The local deployment server should be deploy-1004.devtools.

edit: Sorry Brennen, wrong ticket. We should use T334519 instead.

Mentioned in SAL (#wikimedia-operations) [2023-12-12T18:10:02Z] <mutante> reimaging phab2002 (stand-by phorge server with bullseye - T327068

Cookbook cookbooks.sre.hosts.reimage was started by dzahn@cumin1001 for host phab2002.codfw.wmnet with OS bullseye

Cookbook cookbooks.sre.hosts.reimage started by dzahn@cumin1001 for host phab2002.codfw.wmnet with OS bullseye completed:

  • phab2002 (PASS)
    • Downtimed on Icinga/Alertmanager
    • Disabled Puppet
    • Removed from Puppet and PuppetDB if present and deleted any certificates
    • Removed from Debmonitor if present
    • Forced PXE for next reboot
    • Host rebooted via IPMI
    • Host up (Debian installer)
    • Add puppet_version metadata to Debian installer
    • Checked BIOS boot parameters are back to normal
    • Host up (new fresh bullseye OS)
    • Generated Puppet certificate
    • Signed new Puppet certificate
    • Run Puppet in NOOP mode to populate exported resources in PuppetDB
    • Found Nagios_host resource for this host in PuppetDB
    • Downtimed the new host on Icinga/Alertmanager
    • Removed previous downtime on Alertmanager (old OS)
    • First Puppet run completed and logged in /var/log/spicerack/sre/hosts/reimage/202312121832_dzahn_1780890_phab2002.out
    • configmaster.wikimedia.org updated with the host new SSH public key for wmf-update-known-hosts-production
    • Rebooted
    • Automatic Puppet run was successful
    • Forced a re-check of all Icinga services for the host
    • Icinga status is optimal
    • Icinga downtime removed
    • Updated Netbox data from PuppetDB

[phab2002:~] $ lsb_release -c
Codename: bullseye

phab2002 is now on bullseye and ready for a deployment @brennen

planet VMs: buster replaced with bookworm machines, done!

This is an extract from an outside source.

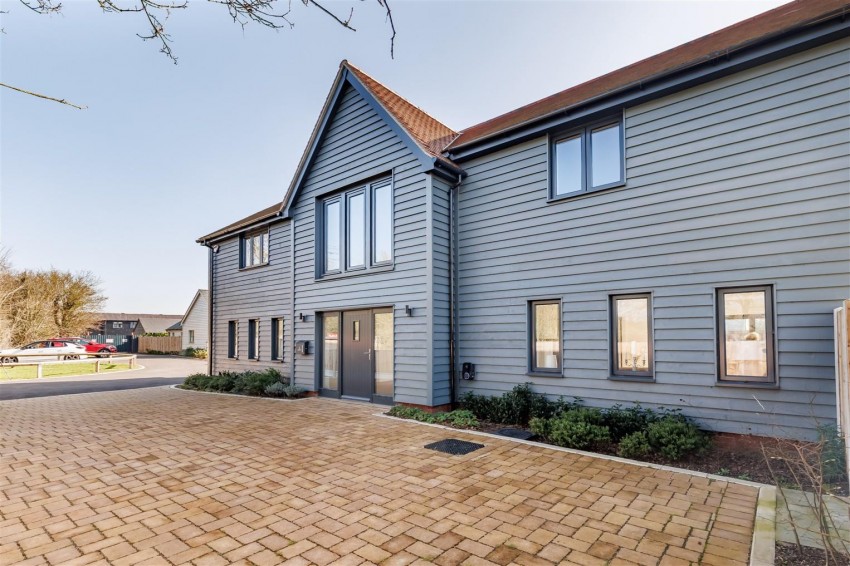 Images for MEADOW VIEW, Epping Lane, Stapleford Tawney,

Dzahn changed the status of subtask T334517: upgrade contint servers to bullseye from Open to In Progress.
Dzahn updated the task description. (Show Details)
Dzahn updated the task description. (Show Details)

contint2002 upgraded

@LSobanski was resolved but also added lists1001 now

Dzahn added a subscriber: eoghan.

Since @eoghan shut down lists1001 in T331706#9944135 this epic task is now completed.

[cumin2002:~] $ sudo cumin 'A:owner-collaboration-services' 'lsb_release -c'
37 hosts will be targeted:
...
(10) .. Codename: bookworm
(27) .. Codename: bullseye